(Image-caption web data)
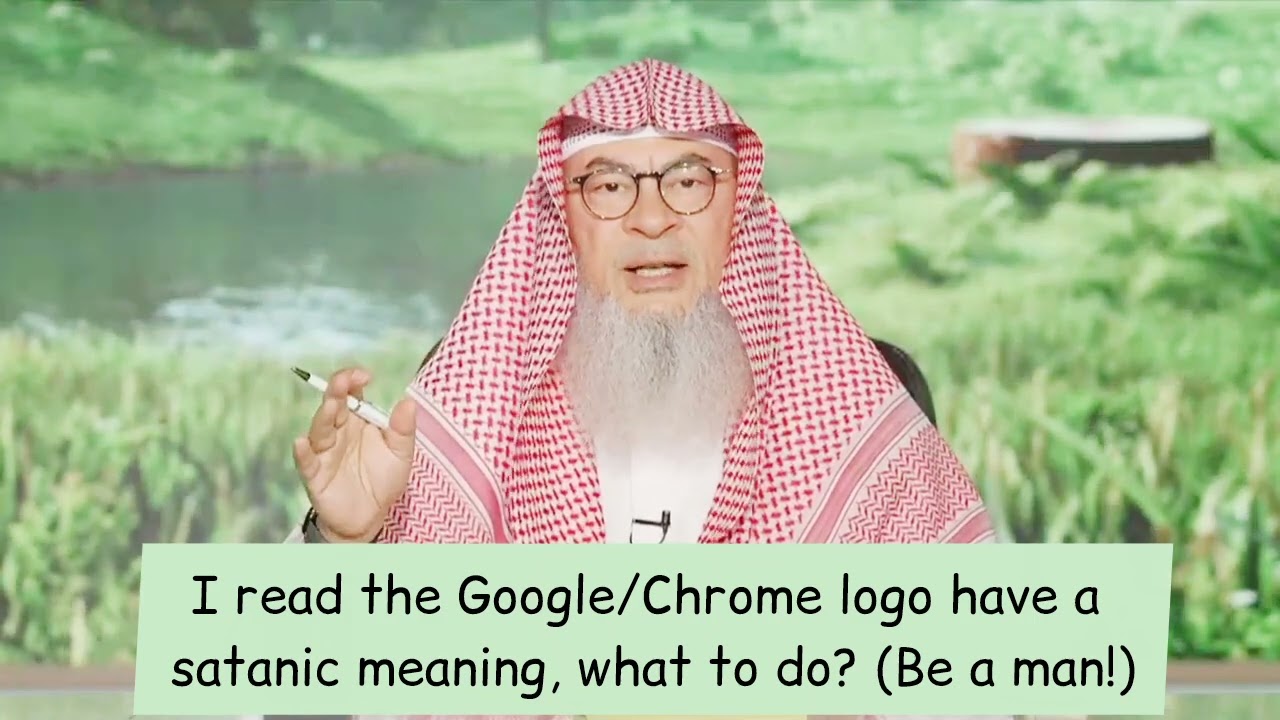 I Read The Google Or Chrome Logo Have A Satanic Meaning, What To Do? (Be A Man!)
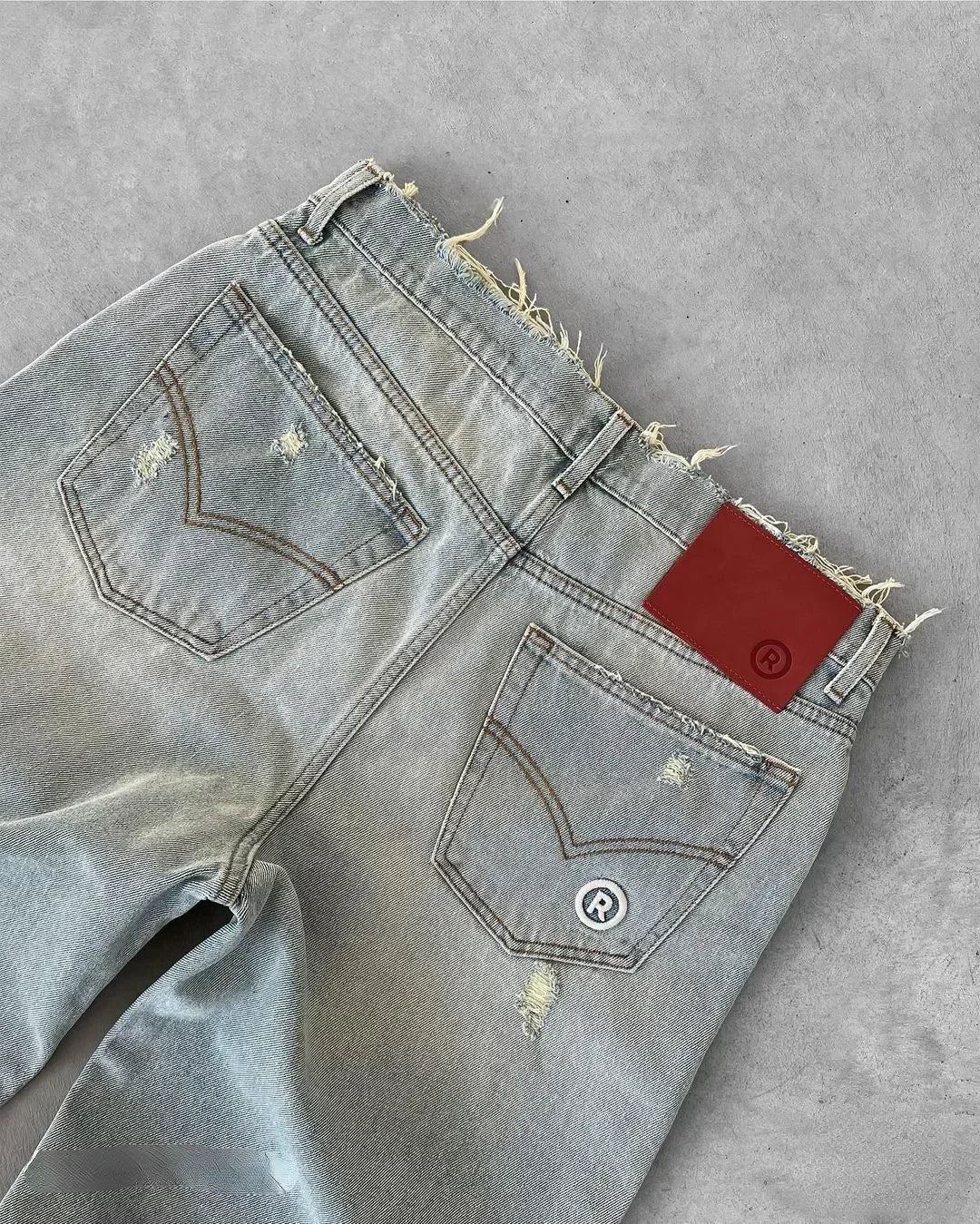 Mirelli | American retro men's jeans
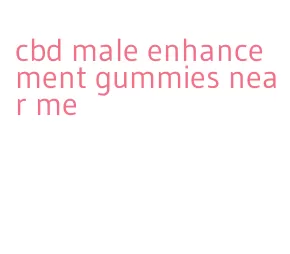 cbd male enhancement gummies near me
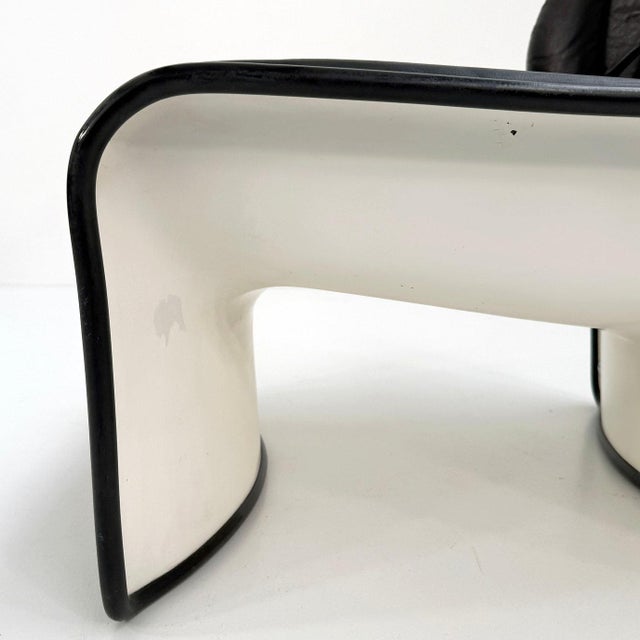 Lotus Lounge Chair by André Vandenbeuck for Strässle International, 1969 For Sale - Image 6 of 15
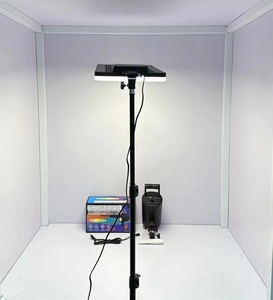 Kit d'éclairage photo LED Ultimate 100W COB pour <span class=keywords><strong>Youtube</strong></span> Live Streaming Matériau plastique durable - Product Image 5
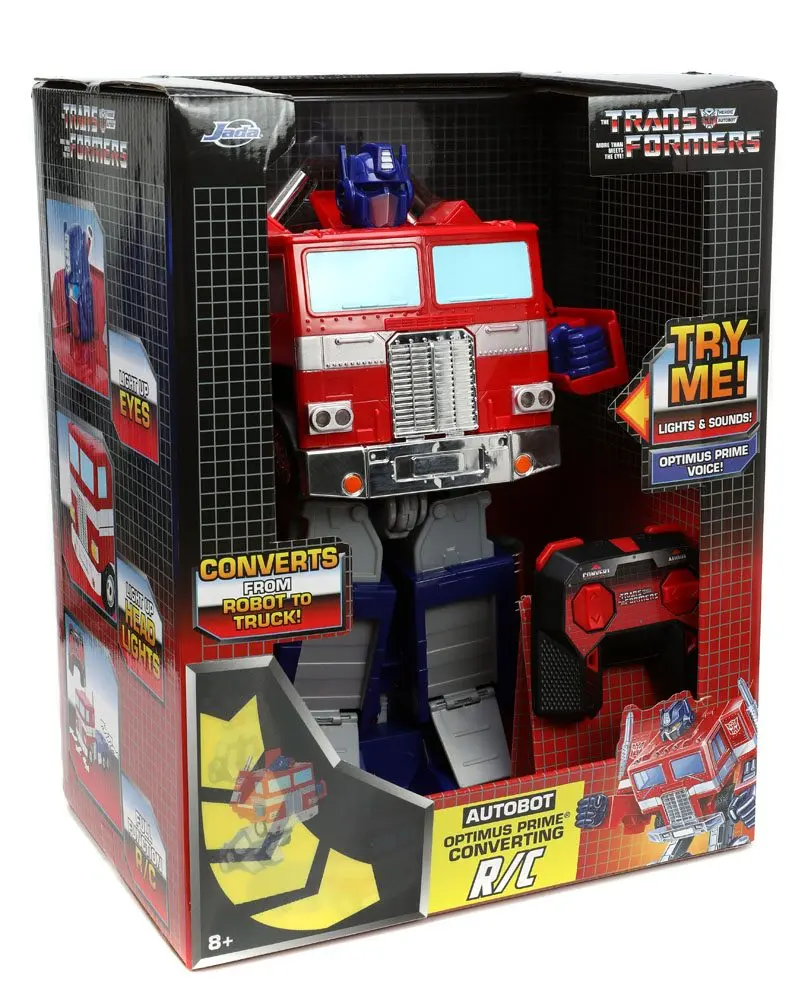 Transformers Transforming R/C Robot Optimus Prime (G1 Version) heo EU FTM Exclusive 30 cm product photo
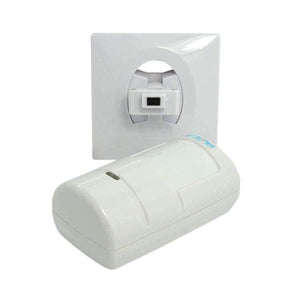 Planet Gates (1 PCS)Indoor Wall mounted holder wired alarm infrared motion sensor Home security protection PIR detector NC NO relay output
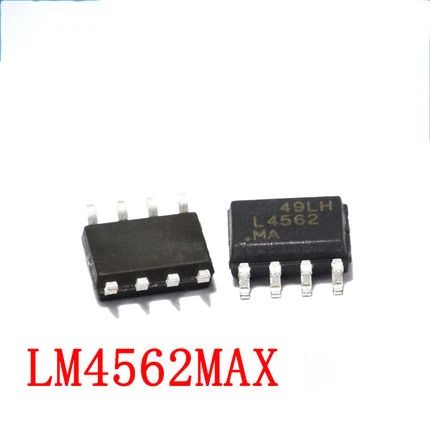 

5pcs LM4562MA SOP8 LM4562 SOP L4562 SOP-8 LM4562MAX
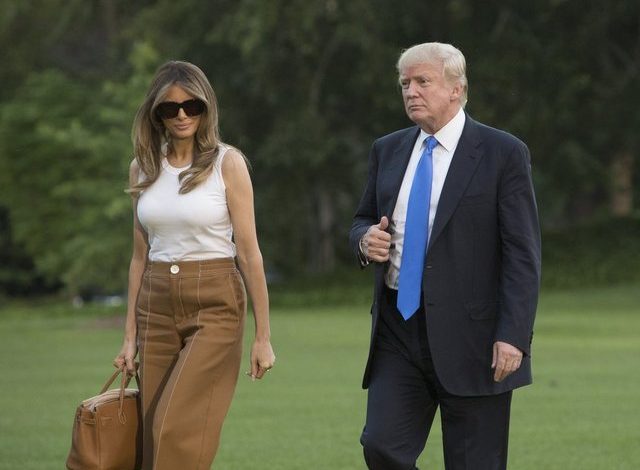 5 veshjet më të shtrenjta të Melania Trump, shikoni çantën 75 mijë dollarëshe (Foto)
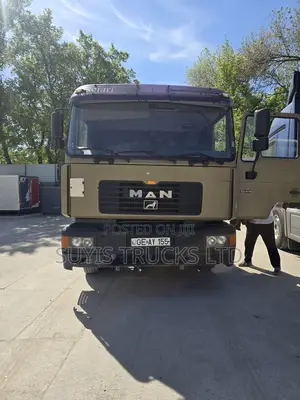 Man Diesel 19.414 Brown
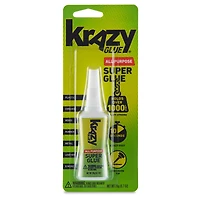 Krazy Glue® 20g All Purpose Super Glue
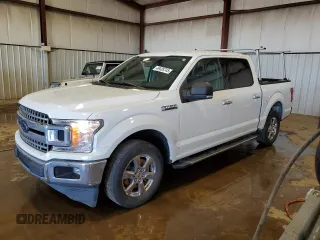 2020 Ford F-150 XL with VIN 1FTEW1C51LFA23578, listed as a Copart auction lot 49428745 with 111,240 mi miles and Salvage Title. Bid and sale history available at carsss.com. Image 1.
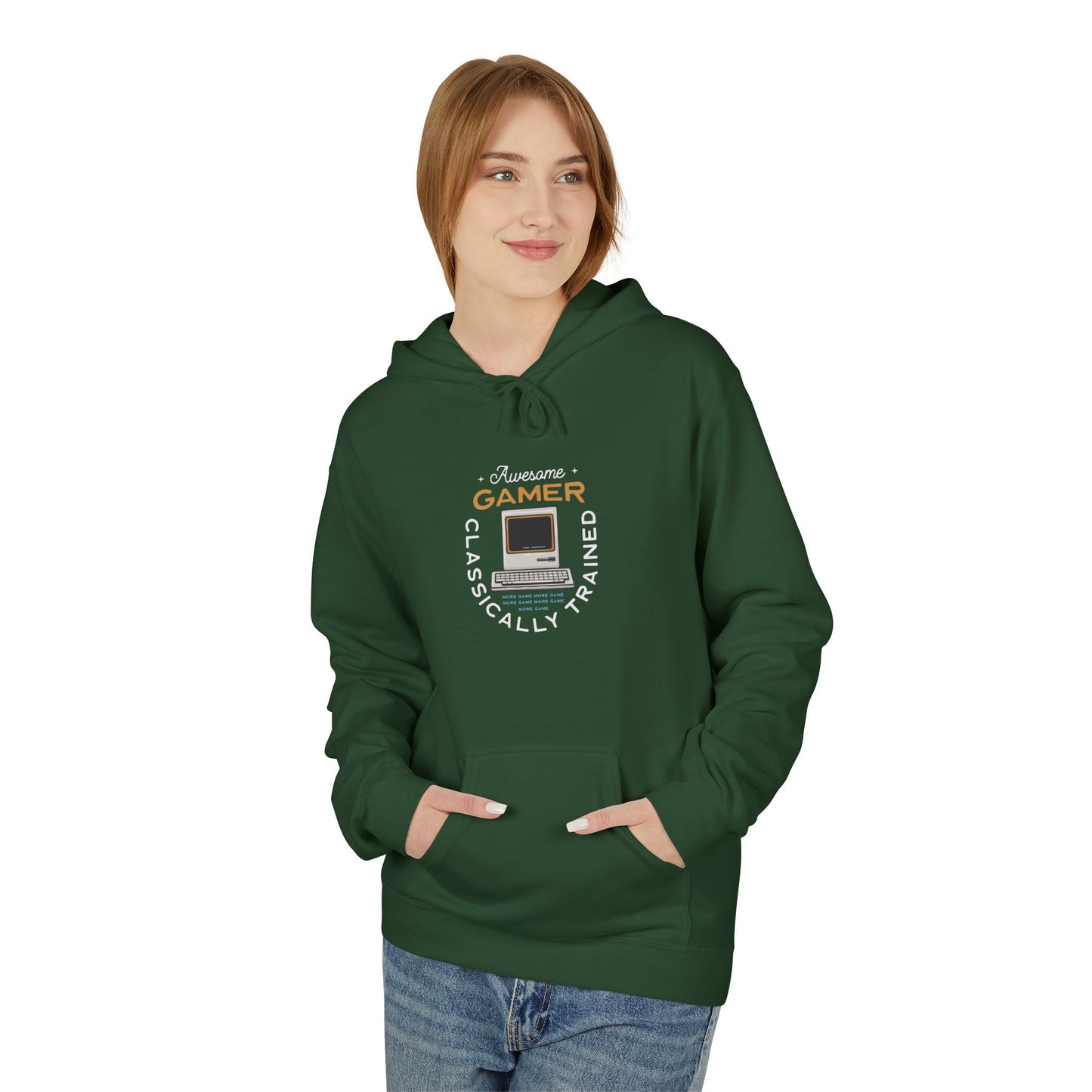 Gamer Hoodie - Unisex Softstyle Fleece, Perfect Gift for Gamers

What the exercise asks: Among the entries above, locate the line with "Mirelli | American retro men's jeans" and the line with "Transformers Transforming R/C". Give those two lines and all lines between them again, exactly, leaving out the pictures.

Written solution:
 Mirelli | American retro men's jeans
 cbd male enhancement gummies near me
 Lotus Lounge Chair by André Vandenbeuck for Strässle International, 1969 For Sale - Image 6 of 15
 Kit d'éclairage photo LED Ultimate 100W COB pour <span class=keywords><strong>Youtube</strong></span> Live Streaming Matériau plastique durable - Product Image 5
 Transformers Transforming R/C Robot Optimus Prime (G1 Version) heo EU FTM Exclusive 30 cm product photo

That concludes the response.